▸ Exercise directions
Entries below include pictures. Output exactly the lines from the one with "DELEIZA ACCESSORY Steel" down to the one with "Small Custom Eagle", both ends included, and leave the pictures out.

▸ Recorded information
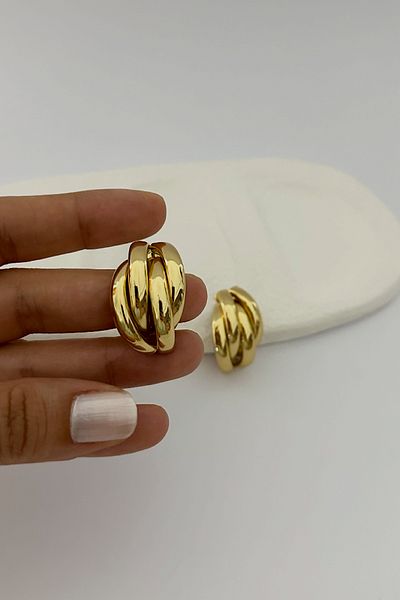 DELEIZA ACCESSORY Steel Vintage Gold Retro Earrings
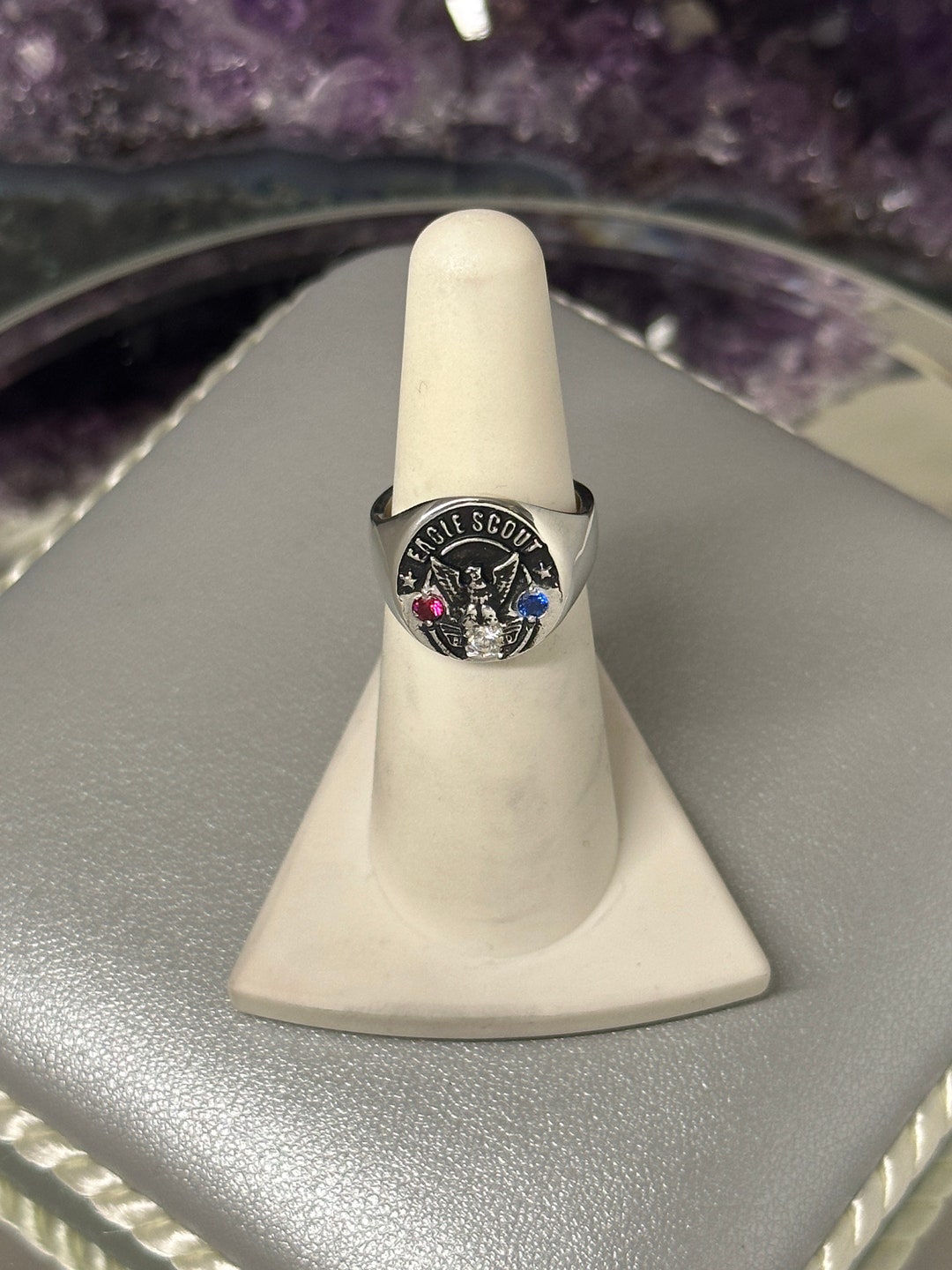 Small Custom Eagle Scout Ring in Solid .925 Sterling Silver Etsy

...

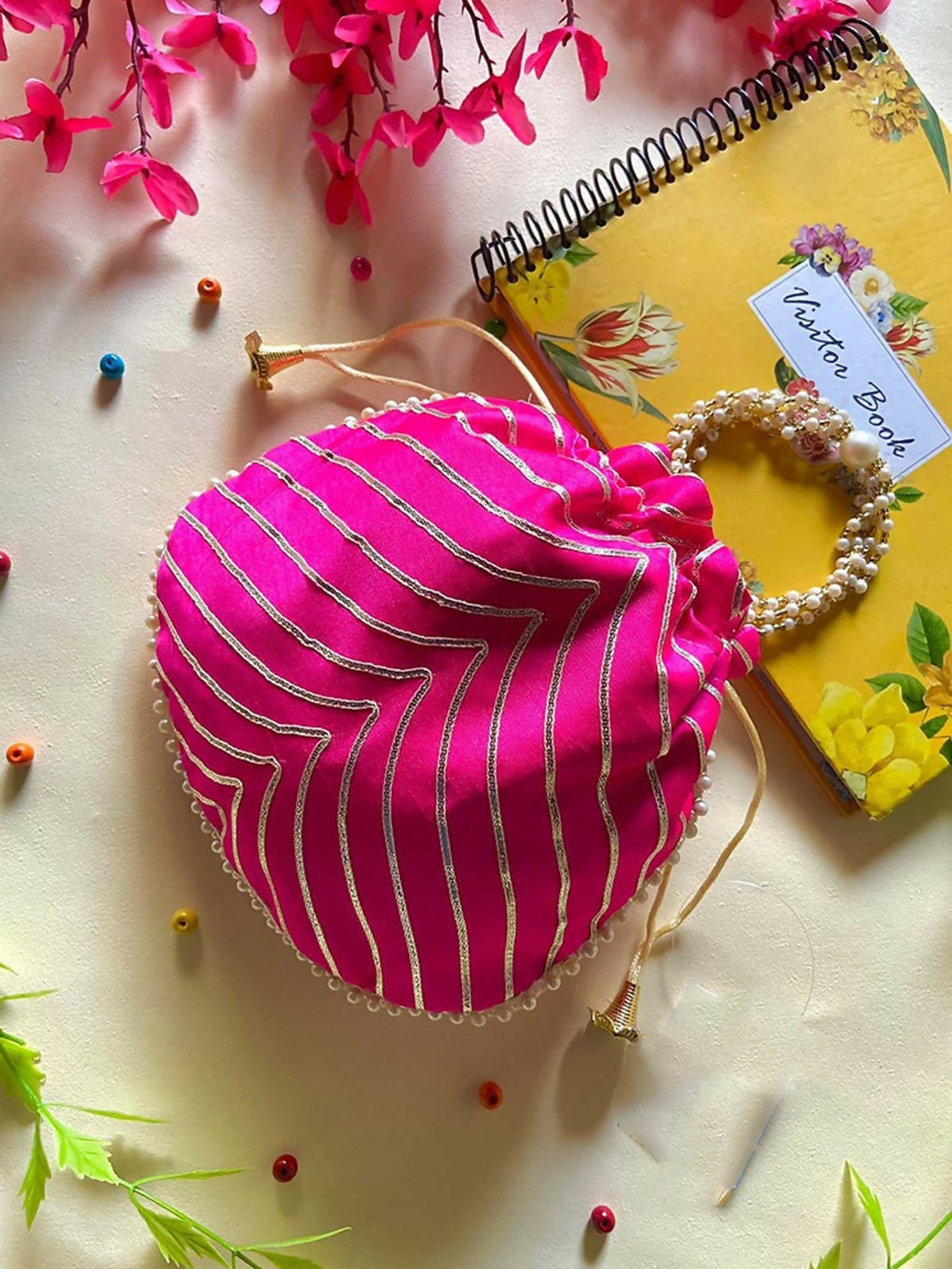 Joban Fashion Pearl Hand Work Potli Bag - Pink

▸ Result
 DELEIZA ACCESSORY Steel Vintage Gold Retro Earrings
 Small Custom Eagle Scout Ring in Solid .925 Sterling Silver Etsy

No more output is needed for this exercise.